Title :
Utilizing background corpus and dictionary to calculate similarity between unknown words
Author :
Fan, Xinghua ; Chen, Xianlin ; Hu, Hongge
Author_Institution :
College of Computer Science and Technology, Chongqing University of Posts and Telecommunications, 400065, China
Abstract :
This paper presents a method of utilizing background corpus and dictionary to calculate similarity between unknown words. In the method, the best concept expression of unknown word in corpus was obtained from the background of it, then constructed context for the best concept expression. The connotation meaning of unknown word was determined by the difference between the context of the best concept expression and its own context. The similarity between unknown words was calculated by utilizing semantic dictionary. This method avoids the problems of mistaken segmentation and abused segmentation, which exist in the traditional method of calculating similarity between unknown words, which is based on segmentation strategy.
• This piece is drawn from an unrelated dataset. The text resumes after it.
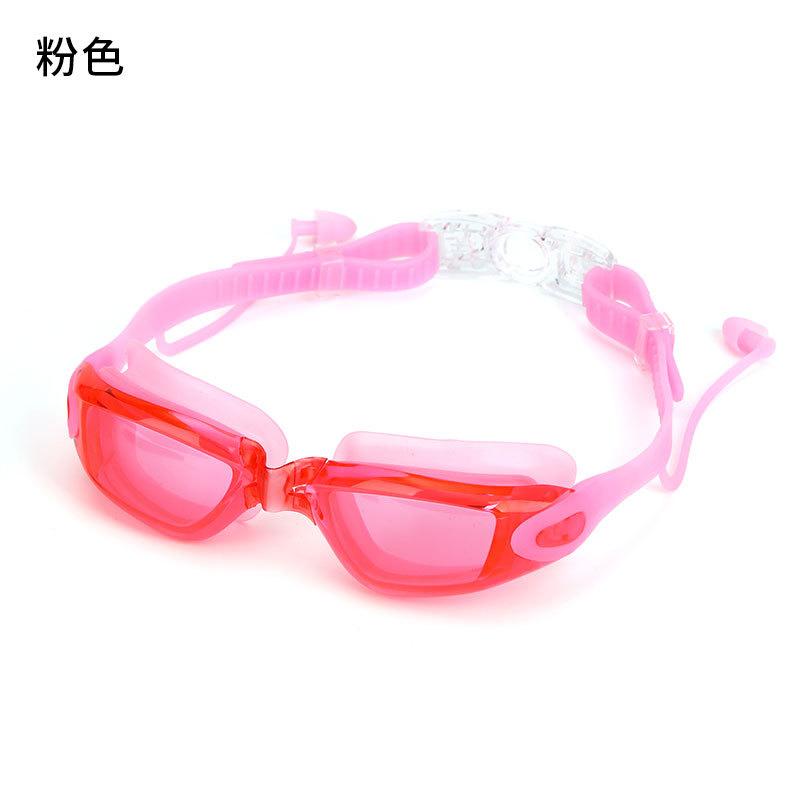 Erwachsene Anti-Beschlag Silikon Flachlicht Schwimmbrille Hohe Definition Sichtfeld Wasserdicht Schwimmbrille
Experimental results show that the method proposed in this paper is high effective.
Keywords :
Computational modeling; Computer science; Context; Dictionaries; Semantics; Statistical analysis; Telecommunications; HowNet; segmentation; similarity of words; unknown word;
Conference_Titel :
Information Science and Engineering (ICISE), 2010 2nd International Conference on
Conference_Location :
Hangzhou, China
Print_ISBN :
978-1-4244-7616-9
DOI :
10.1109/ICISE.2010.5690768